In my previous post, I discussed the fact that the ‘well-known’ Midrash that states that the Israelites in Egypt never changed their names, lanuage, or clothing, doesn’t actually exist. I also discussed (a bit) what I think similar midrashim really mean.
But I want to address some other questions which have bothered me since that last post, namely:
- What motivates the different lists that we get in the various midrashim?
- Perhaps more importantly, how is it that this non-midrash gained such currency? That two midrashim are conflated isn’t a great surprise, but that the conflation, and this particular conflation, gained such wide popularity in Orthodox circles? (if you don’t believe me, look at this, this, or this). Most discussions of Jewish identity in Egypt will list at least these three elements.
There are two basic lists in the midrashim. There are variations within each list, but it seems that there are only two groups of lists. Here’s one example of each (translation mine):
ויקרא רבה (וילנא) פרשה לב
רב הונא אמר בשם בר קפרא בשביל ד' דברים נגאלו ישראל ממצרים שלא שנו את שמם ואת לשונם ולא אמרו לשון הרע ולא נמצא ביניהן אחד מהן פרוץ בערוה
פסיקתא זוטרתא (לקח טוב) דברים פרשת תבא דף מו עמוד א
דבר אחר ויהי שם לגוי. מלמד שהיו ישראל מצויינים שם. שהיה מלבושם ומאכלם ולשונם משונים מן המצריים. מסומנין היו וידועין שהם גוי לבדם חלוק מן המצריים:
Yayikra Rabbah section 32
R’ Huna said in the name of Bar Kapparah: Because of 4 things Israel was redeemed from Egypt: They didn’t change their names or their language, they didn’t speak lashon ha-ra (we’ll leave the translation for now), and none of them was promiscuous.
Minor Pesikta, Devarim (Ki Tavo) 41a
Another interpretation: “And there they became a nation” – this teaches that the Israelites were distinct there, in that their clothing, food, and language was different from the Egyptians’. They were identified and known as a separate nation, apart from the Egyptians.

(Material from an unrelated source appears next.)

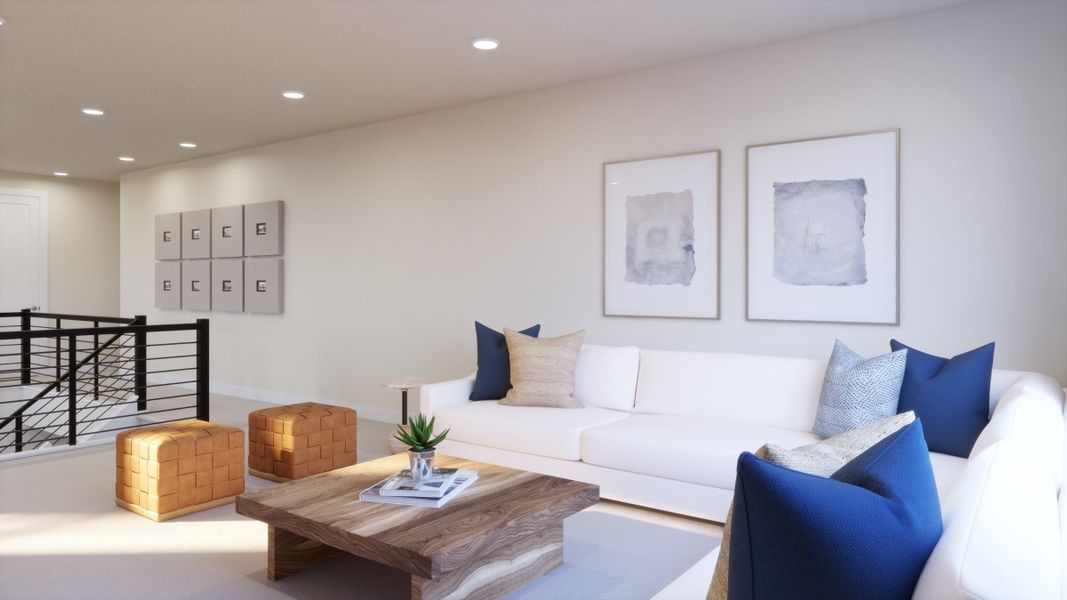 Representative furnished interior of a home built from the 5052 by Risewell Homes in Freedom at Anthem, Kyle (Image 14).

The first midrash describes four things that the Israelites actively maintained. Their non-change was reactionary and counter-cultural. The two non-cultural elements on the list can be understood in this way as well. Their chastity prevented an intermingling of bloodlines, preserving the ethnic character of their group, and perhaps also can be read in a way that’s similar to Malcolm X’s call (as told in his Autobiography) for black men to recognize that his infatuation with white women is a vehicle of oppression (indeed, Malcolm X’s thought provides a lot of insight into the complete annihilation of identity which slavery entails; jettisoning his ‘slave name’ was another manifestation of his countercultural assertion of separate identity).

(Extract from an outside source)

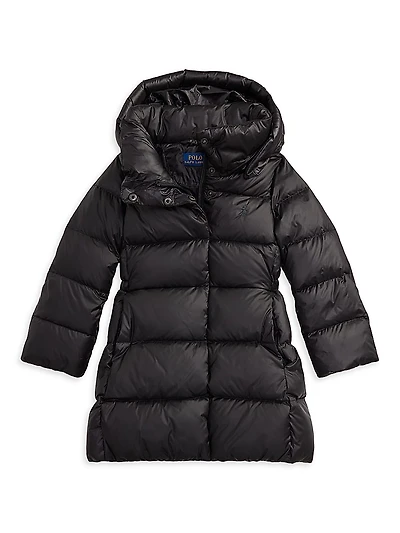 Little Girl's & Momentum Down Celia Parka Coat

Lashon Ha-ra fits with the group if we recognize that it doesn’t mean gossip. In fact, there are versions which say ‘lo hilshinu’ – they didn’t slander or incriminate each other. When the Egyptian cops came around with a photo of a wanted Israelite, they got a lot of ‘never seen him before’.
Thus, the sense of this midrash is that the Israelites actively maintained a sense of reactionary ethnic pride in the face of a persecuting and enslaving culture.

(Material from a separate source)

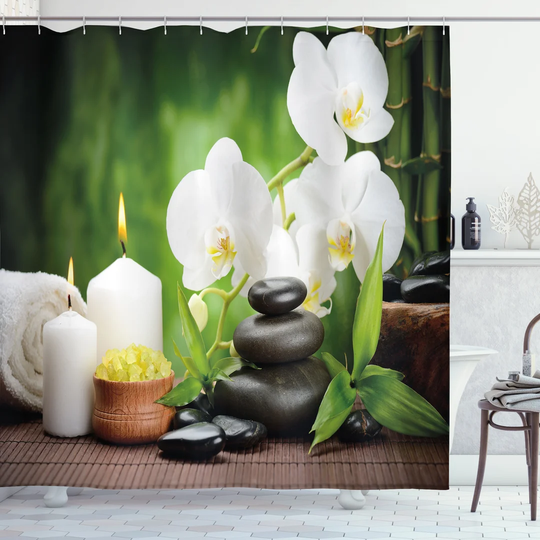 Betsabet 13 Piece Polyester Shower Curtain Set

The latter Midrash is an expansion of the Sifra which is recited as part of the Haggadah. Some early commentaries, such as Ritv”a, Rashbam, and R”I b. Yakar mention that the Jews wore distinct dress, even suggesting that they wore tzitzit! (as can be seen in the astounding artwork of the Katz Haggadah). The Midrash is describing the manner in which the Israelites remained metzuyanim (or, according to some versions, mesuyamim). This can have one of two connotations (which are similar in English as well): they were distinct or they were distinguished. If the former, then the point of the midrash is that they remained a separate nation even within Egypt – which is even the sense one gets from the verse (“and there they became a nation”). As I mentioned in the previous post, there’s nothing to redeem if there’s no distinct entity. If the former, then it’s suggesting that the Israelites did more than simply maintain an ethnic identity; they remained proud and dignified about it.
Regarding the second question, as folks pointed out in the comments of the previous post, the three elements of the popular version of the midrash already appears in the Abarbanel’s Zevach Pesach, and in a book called the Meturgeman by R’ Elijah (Bachur) Levita, both composed around the late 15th, early 16th centuries.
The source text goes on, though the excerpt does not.